Insight is delighted to announce the inaugural Insight Artist Residency Programme.
This residency is awarded to an artist in the community that wishes to engage in scientific research to further their own practice and foster links between the arts and science communities to further inter-disciplinary research.
The purpose of the residency is to support artists, curators or producers to develop and research new, ambitious work intended for public presentation. The intention of this residency is to allow the artist impactful access to current research at Insight. The research collaboration will focus on the development of a particular project.
It is hoped that the residency will enable the creation of a work that is ambitious and far-reaching: works which propose new forms of medium and new ways of theorising complex scientific ideas are welcome.
Ann Maria Healy is the recipient of this year’s award which includes a bursary of €5,000 toward new work in development between the artist and scientific researchers based at insight@DCU. The residency has been developed in collaboration with Dublin City Council Arts Office, The Lab Gallery and output from the residency will appear in the Lab’s 2021 programme curated by Sheena Barrett.
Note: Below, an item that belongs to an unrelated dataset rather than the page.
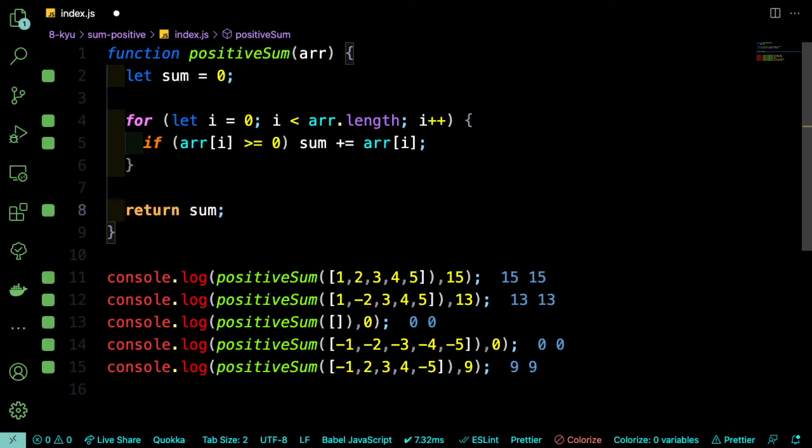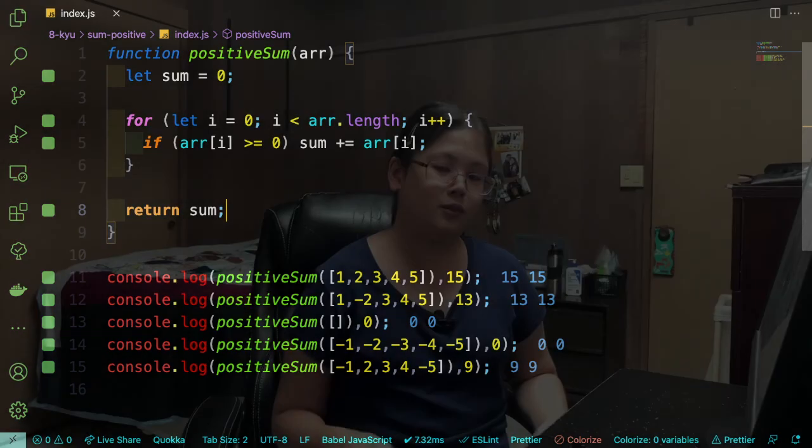And the description also says that the sum should default to 0, which it is. We've set it to 0 at the beginning. So if it goes through the array and nothing is greater than 0, then it will do nothing. And even if the array is empty, that loop will never run and sum will continue to be 0 and it'll just get returned.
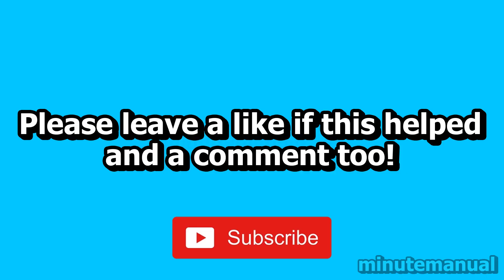If this helps, please leave a like and a nice friendly comment, and also click the subscribe button to help Minute Manual get to 100,000 subscribers. Thank you very much.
Ann Maria Healy’s work expresses itself through video, sculptural and textual form. Her practice is concerned with re-occurrence, the power of history and narratives embedded within the human psyche. She seeks to co-opt the embodied meaning of material in order to unpack and subvert it. She is drawn to narrative that is connected to place and object, often acting in an absurd manner, the work seeks to employ mysticism as a tool to reconsider our present moment.
Healy’s past work includes exhibitions such as ‘Desire: A Revision from the 20th Century to the Digital Age’, Irish Museum of Modern Art, 2019-20. ‘Futures: Series 3 Episode 1’, Royal Hibernian Academy, 2017. Previous residencies include Cow House Studios, Wexford, 2015 and The Banff Centre, Canada, 2014. Healy is an MFA graduate of The Piet Zwart Institute, Rotterdam, 2014 and a recipient of the Irish Arts Council, Visual Artist Bursary Award, 2019.
The image above is from her 2018 work, ‘When Dealers are Shamans.’